J'ai le même sentiment avec mes autres livres fétiches (déjà cités en partie ci-dessus), au point de me demander si cette littérature (l'archéologie littéraire) ne pourrait pas constituer une sorte de genre à part entière, auquel les lecteurs s'intéresseraient par curiosité ou pour acquérir une culture plus originale ; pour, par exemple, découvrir les péripéties de l'histoire littéraire à travers des notices biographiques à la fois incroyables et véridiques (comme dans "Une forêt cachée"); ou encore, par exemple, découvrir des commentaires sur des livres réels mais que personne ne lit plus (comme dans "Mélanges tirés d'une petite bibliothèque").
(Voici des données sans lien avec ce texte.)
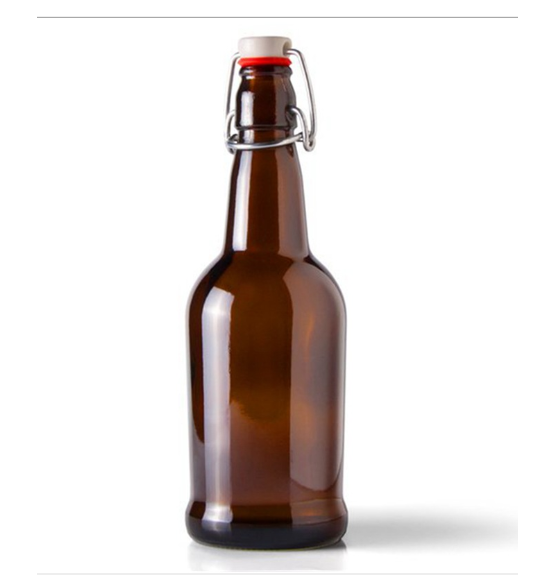 CN0636 amber beer glass bottle 330ml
Un genre littéraire qui aurait ses grands hommes (comme Dussert) mais aussi ses "petits" (comme moi), et un peu partout ; tout amateur de lecture, en effet, est un "petit Dussert" en puissance, s'il aime à parler des livres qu'il lit et s'il peut avoir la curiosité de s'intéresser au patrimoine littéraire (notamment à travers Gallica).

"Une forêt cachée", pour ceux-là ou pour les simples curieux, est un moment capital dans l'histoire de l'archéologie littéraire. Les notices sont classées, par souci de ne pas hiérarchiser, de manière chronologique. On aurait pu les classer aussi en fonction des caractères dominants de chacun de ces écrivains, comme le fait un peu Eric Dussert dans le texte de présentation à son ouvrage : "les taiseux refusant de publier leurs écrits (Robert Honnert, François Prieur, Gérard Hiltbrand) ; les écrasés (Charles Dovalle, Victor Escousse, Sophie Podolski, Miriam Silesu) ; les effacés (Ilarie Voronca, Julien Vocance, Loys Masson encore) ; les autonomes (Gustave-Arthur Dassonville, René-Louis Doyon, Clément Maraud) ; les porteurs de valise (Daniel Mauroc, Léo Lack, Jean-Claude Hémery) ; les énigmatiques (Jacques Povoloski, André Paysan, Doette Angliviel) ; les sombres (Edouard Ganche, Georges Marsat) ; les expatriés (Diraison-Seylor, Makambo) ; les acides (Odette Keun, Lorédan Larchey, Philarète Chasles) ; les agraires (Adrienne Savatte, Joseph Cressot, Gabriel Gobron, Marcelle Delpastre) ; les trimardeurs et les beatniks (Léon Deubel, Marc Stéphane, Bienvenu Merino, Georges Buis) ; les hallucinés et les criminels (Jacques Besse, Georges-A. Denis, Marcel Lami) ; les cabochards (Roger Rabiniaux, Marguerite Comert, Raymond Cousse, Alain Mercier) ; les humoristes et les déraisonnables (Eugène Chavette, Henry Maret, Paul Méral, Jean Linard) ; les empathiques et les doux (Francis de Miomandre, Léon Bonnet, Léon Frapié)"

Comme on le voit, le monde des écrivains oubliés est une galaxie d'une richesse infinie, dans laquelle on peut s'aventurer pour faire des rencontres étonnantes et découvrir de véritables trésors (littéraires et/ou humains). Et "Une forêt cachée" la meilleure porte d'entrée possible à cet univers fascinant. Vous pouvez vous le procurer un peu partout ; pour ma part je vous propose de l'acheter sur le site de la Librairie Ombres Blanches (librairie indépendante sur Toulouse qui est très connue).